Once I dated a girl who would habitually let me down at the last minute leaving me feeling undervalued and unloved. I would respond like a child because it triggered feelings from childhood in me. I wanted more certainty that she was willing or able to give. Every moment I spent in that relationship was reminding me of something unresolved, but my frustration was pointless, because it had always been plain what was on offer. I blamed her for something which was broken in me.
My need for a greater feeling of safety in that relationship wasn’t just influenced by what I might have considered “unreasonable” behaviour from my partner, it was supercharged by my own terror at being hurt. Fearful that I would end up feeling worthless I inadvertently guaranteed that I would by allowing my neurosis to accelerate the dismantling of a relationship I should never have got into in the first place.
As lovers we are stuck in a perilous spot.
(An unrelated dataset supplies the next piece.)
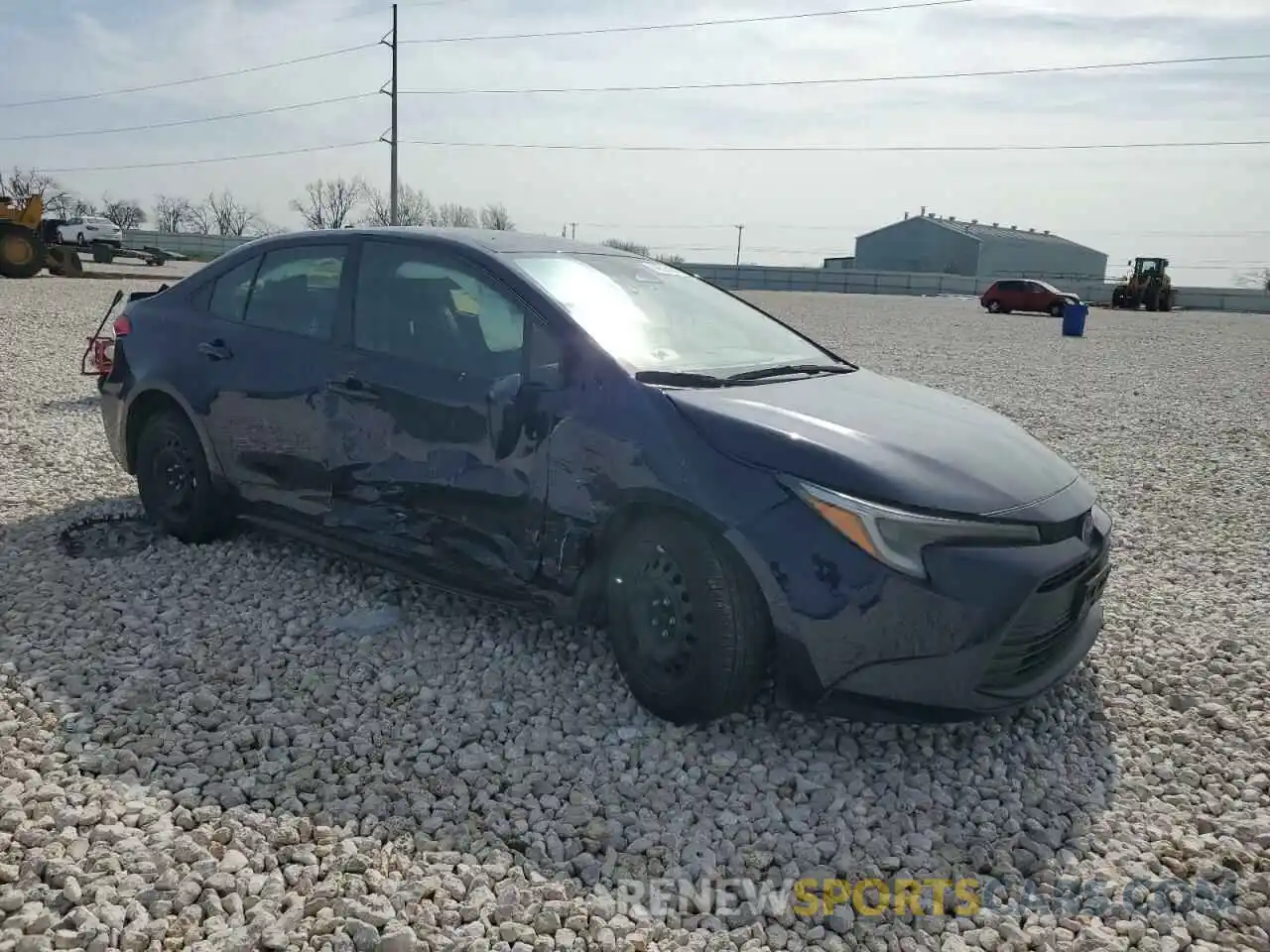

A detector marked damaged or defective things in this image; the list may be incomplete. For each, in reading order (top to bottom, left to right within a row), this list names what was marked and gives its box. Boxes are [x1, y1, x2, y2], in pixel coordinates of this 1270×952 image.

We want the dependability, trust, stability and love that helps us to feel safe. But we also want the excitement, passion and spontaneity which reminds us that it could blow up in our faces at any given moment. Just enough of each brings a union which is indescribably beautiful, but too much of either and we’re either bored or verging on a heart attack from all the stress.
We are drawn back towards what we are used to, even if it was emotionally disastrous.
I often wondered why I seemed to make the same mistake in picking partners? I came to realise that I was simply repeating destructive patterns from my past. Having experienced emotional scarcity I was attracted back to it like a moth to a flame. I lived so long with an uncertainty of love that I was pulled towards it with depressing insistence. I was certain in my terrible uncertainty.
This basis of dysfunction would play out in one of two ways with my girlfriends. Either I would destroy the relationship with my deeply unattractive neediness, or I would grow bored with the relationship because it offered me a healthy certainty that I did not trust and so could not accept.
All the while I looked at the woman wondering what was wrong with her when, really, I needed to be looking much harder at myself.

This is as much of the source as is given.